El fetichismo de la diversidad

La inclusión como marketing

Siempre he tenido una relación complicada con los escaparates. No hablo de los escaparates como simples vitrinas donde uno observa maniquíes inertes vestidos con la última moda. Hablo de esos escaparates metafóricos que las grandes marcas han convertido en vitrinas humanas. Diversidad, inclusión, representatividad: palabras que deberían sentirse como un abrazo cálido, pero que en las manos equivocadas se convierten en herramientas de manipulación. A veces, me pregunto si detrás de cada comercial con “gente diversa” hay alguien tachando casillas en un formulario de marketing.

Recuerdo la primera vez que esta idea me golpeó. Era junio, el Mes del Orgullo, y Nueva York se vestía con los colores del arcoíris. Las avenidas estaban llenas de banderas ondeando, escaparates pintados con mensajes de amor y aceptación, y anuncios que celebraban “el amor en todas sus formas”. Caminaba por el SoHo, con una mezcla de admiración y cinismo, cuando un cartel llamó mi atención: un grupo de modelos sonrientes de diferentes etnias, tallas y géneros se abrazaban bajo el lema: “Porque todos importan.” Algo en esa escena me dejó frío. No eran las personas; eran las intenciones.

La diversidad como producto: un escaparate moral

Al principio, me costó aceptar lo que sentía. ¿No era eso lo que queríamos? ¿No habíamos luchado años para que nuestras historias fueran contadas, nuestras caras fueran vistas, nuestros cuerpos celebrados? Pero mientras observaba esa imagen impecablemente curada, algo no encajaba. Me di cuenta de que no veía a personas reales; veía estrategias. Vi números, cuotas y campañas. Y de repente, entendí que ese anuncio no celebraba la diversidad; la mercantilizaba.

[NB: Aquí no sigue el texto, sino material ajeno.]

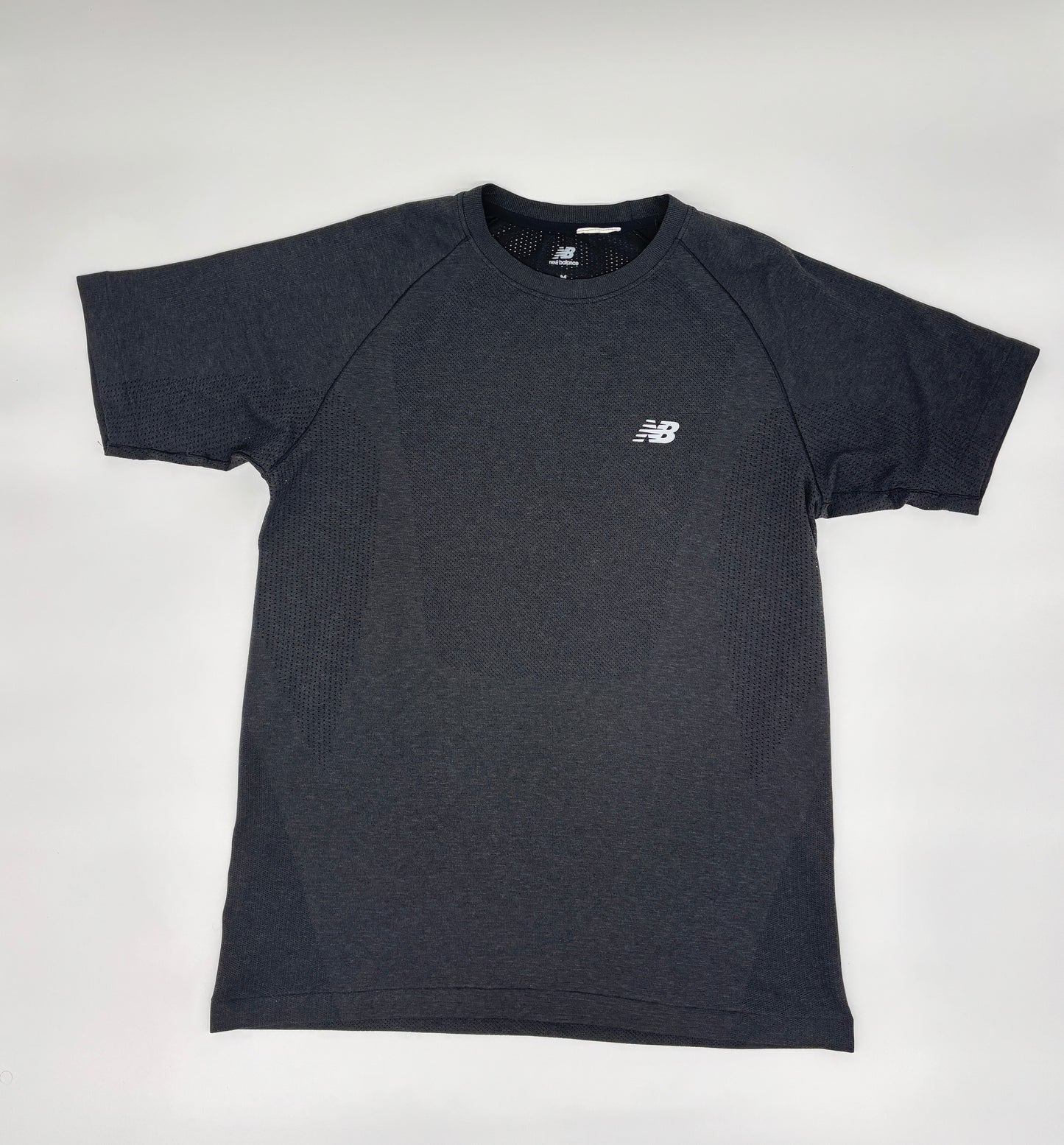 NEW BALANCE T-SHIRT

Las grandes corporaciones han convertido la inclusión en una moneda de cambio. Ya no se trata de abrir puertas a quienes fueron históricamente excluidos; ahora se trata de lucir inclusivos para vender más productos. No es casualidad que las campañas más “diversas” siempre aparezcan en momentos estratégicos: el Mes del Orgullo, el Día Internacional de la Mujer, el Mes de la Historia Negra. Cuando las banderas se guardan y las campañas terminan, ¿qué queda? Nada más que los números en una hoja de Excel, reflejando ventas impulsadas por nuestra necesidad de pertenencia.

He trabajado en marketing. Lo suficiente como para saber cómo funcionan estas cosas. La diversidad es la tendencia más rentable del momento. ¿Qué importa si realmente apoyas a una comunidad, mientras puedas usar sus rostros para decorar tus vallas publicitarias? Al final del día, los mismos ejecutivos que se felicitan por su “iniciativa inclusiva” probablemente no tengan ni un amigo queer o racializado en sus vidas.

¿Quién se beneficia realmente?

Hay un término que me obsesiona: tokenismo. Es esa práctica hipócrita de incluir a alguien de una minoría solo para dar la impresión de diversidad, sin darle un verdadero lugar en la mesa. Lo veo en todas partes: en películas, en series, en catálogos de moda. El tokenismo no solo es superficial; es dañino. Reduce a las personas a representaciones simbólicas de sus identidades. Nos convertimos en accesorios, en piezas de ajedrez que se mueven al ritmo de una narrativa corporativa.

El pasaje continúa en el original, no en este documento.